(Records shown begins)

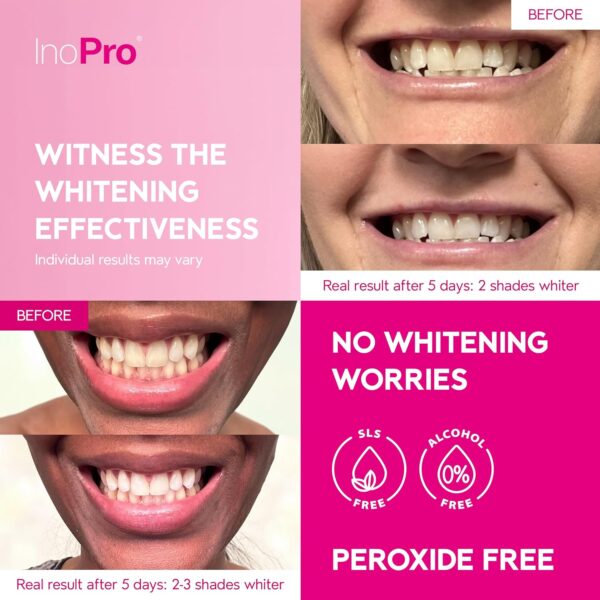 Teeth Whitening Strips 14 Treatments Kit - Teeth Whitener, - Image 4
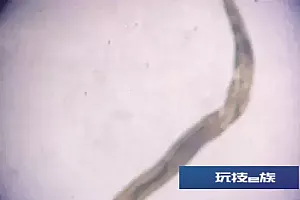 吓人!昆明一患者眼内取出1.5厘米长活虫!医生提醒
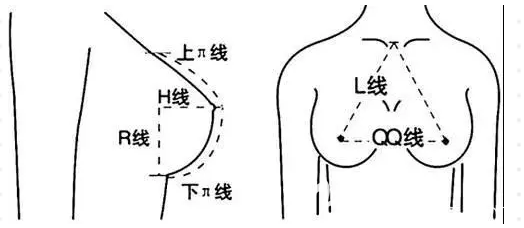 隆胸手術美學標準 隆胸手術美學標準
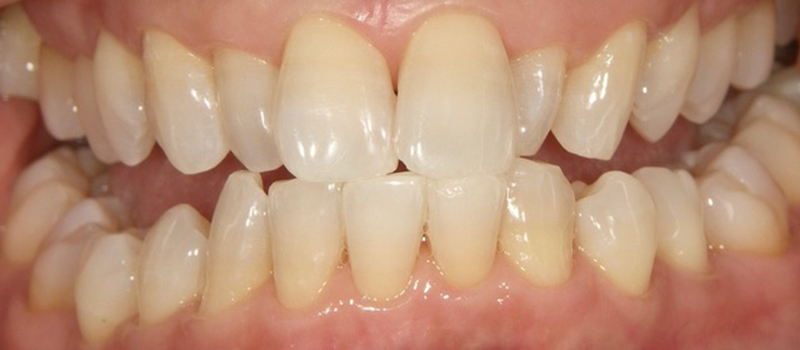 枚方市樟葉の歯医者、たかぎ歯科クリニックのホームホワイトニング症例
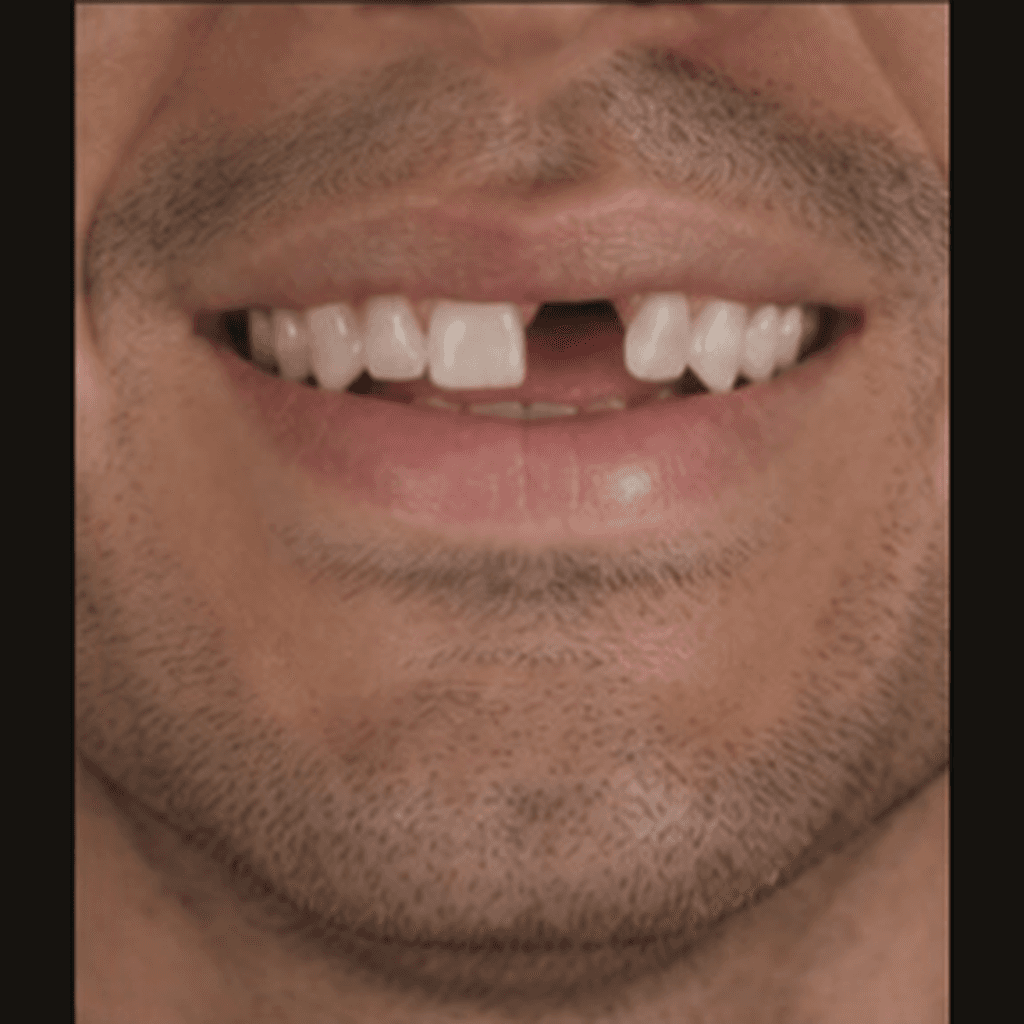Before treatment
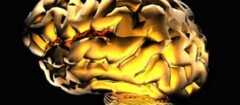 neurologia-sao-jose-de-ribamar-1380115673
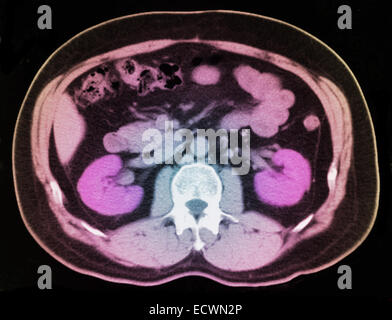 CT scan of the abdomen showing a small kidney stone. Stock Photo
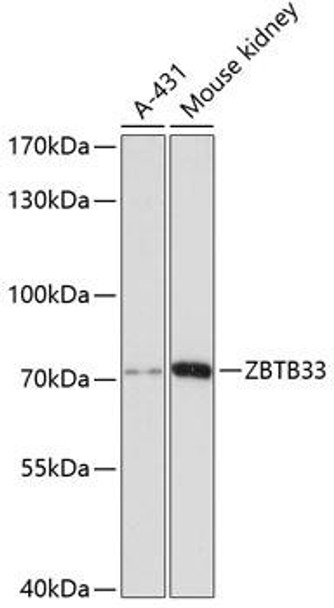 Epigenetics and Nuclear Signaling Antibodies 1 Anti-ZBTB33 Antibody CAB12856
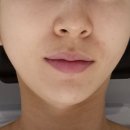 포바디클리닉 | 두피 가려움 안녕! 포항 헤드스파 차쌤 뷰티 2번째 재방문 후기.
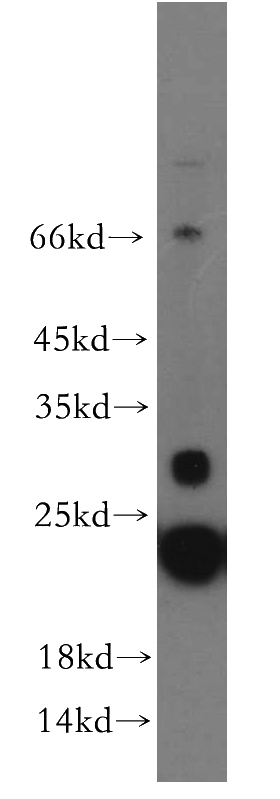 human brain tissue were subjected to SDS PAGE followed by western blot with Catalog No:114411(RAB11A-Specific antibody) at dilution of 1:500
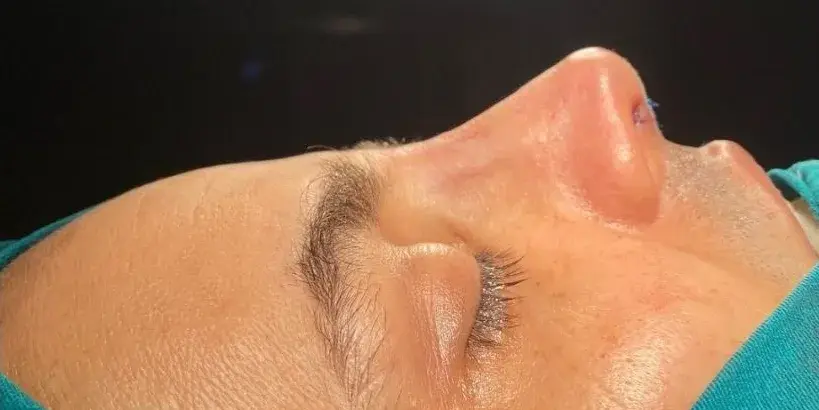 Case 5, the same nose at the end of the operation.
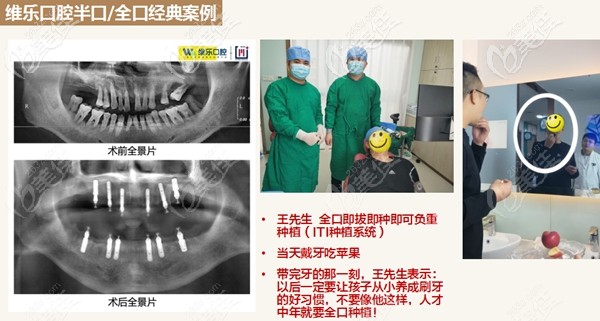 泉州維樂ITI全口即刻負重種植案例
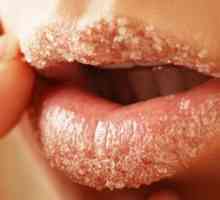 Se tratează buzele crapate acasă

(Records shown ends)

▶ Assignment: Set down exactly the lines between the one with "CT scan of the" and the last line of the material above, both included, but none of the pictures.

▶ Task response:
 CT scan of the abdomen showing a small kidney stone. Stock Photo
 Epigenetics and Nuclear Signaling Antibodies 1 Anti-ZBTB33 Antibody CAB12856
 포바디클리닉 | 두피 가려움 안녕! 포항 헤드스파 차쌤 뷰티 2번째 재방문 후기.
 human brain tissue were subjected to SDS PAGE followed by western blot with Catalog No:114411(RAB11A-Specific antibody) at dilution of 1:500
 Case 5, the same nose at the end of the operation.
 泉州維樂ITI全口即刻負重種植案例
 Se tratează buzele crapate acasă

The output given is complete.